[Prompt] Give the data below again exactly, and drop each picture from it.

[Data provided]
************
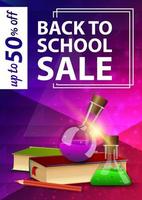 Back to school sale, pink vertical web banner with books and chemical flasks vector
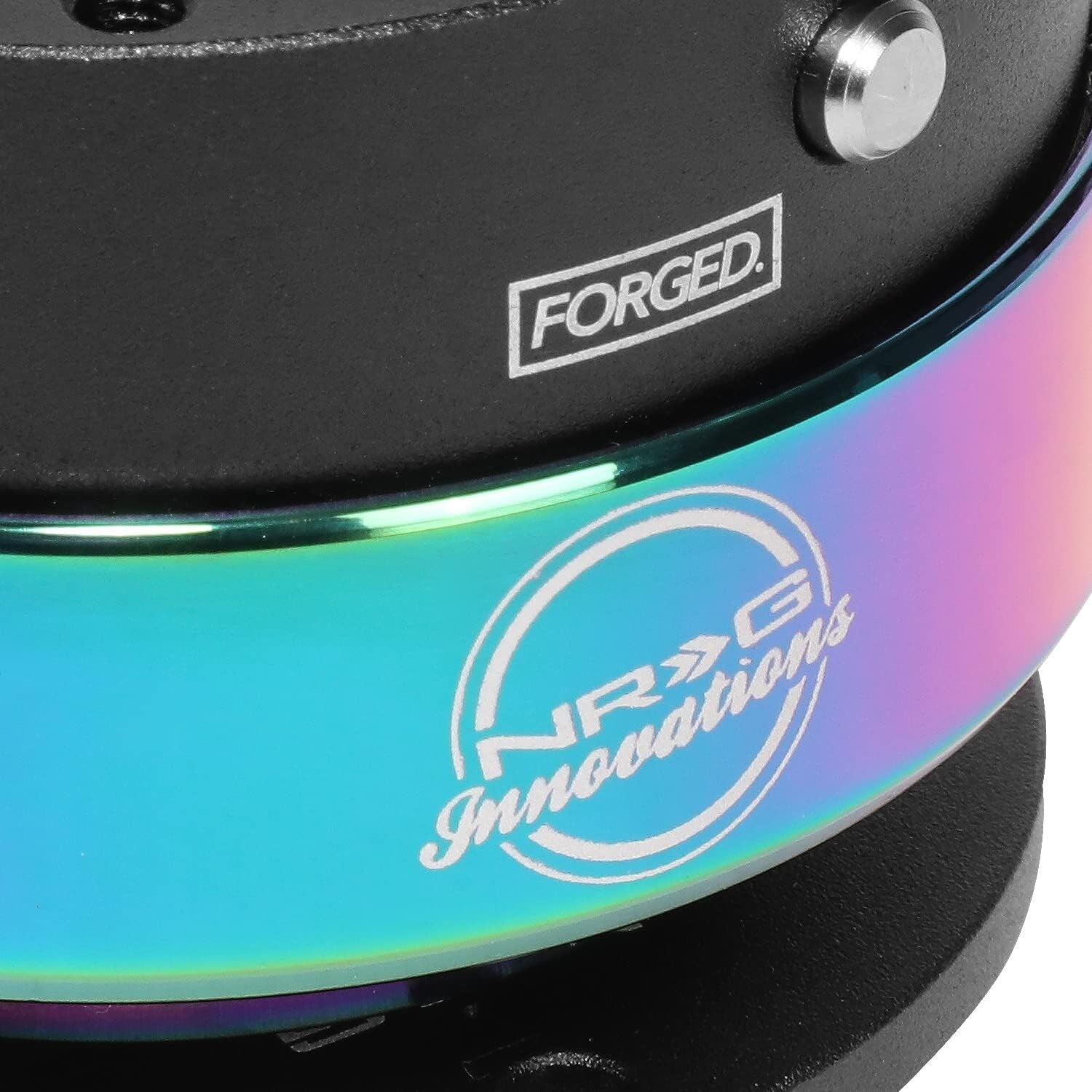 Universal 6-Bolt Steering Wheel Quick Release Kit - Black Body, Neo Chrome Ring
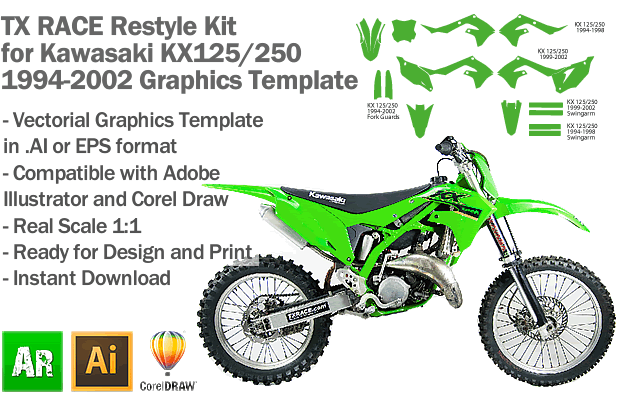 TX RACE Restyle Kit for Kawasaki KX 125 250 1994 1995 1996 1997 1998 1999 2000 2001 2002 Graphics Template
************
[Reply to the task]
 Back to school sale, pink vertical web banner with books and chemical flasks vector
 Universal 6-Bolt Steering Wheel Quick Release Kit - Black Body, Neo Chrome Ring
 TX RACE Restyle Kit for Kawasaki KX 125 250 1994 1995 1996 1997 1998 1999 2000 2001 2002 Graphics Template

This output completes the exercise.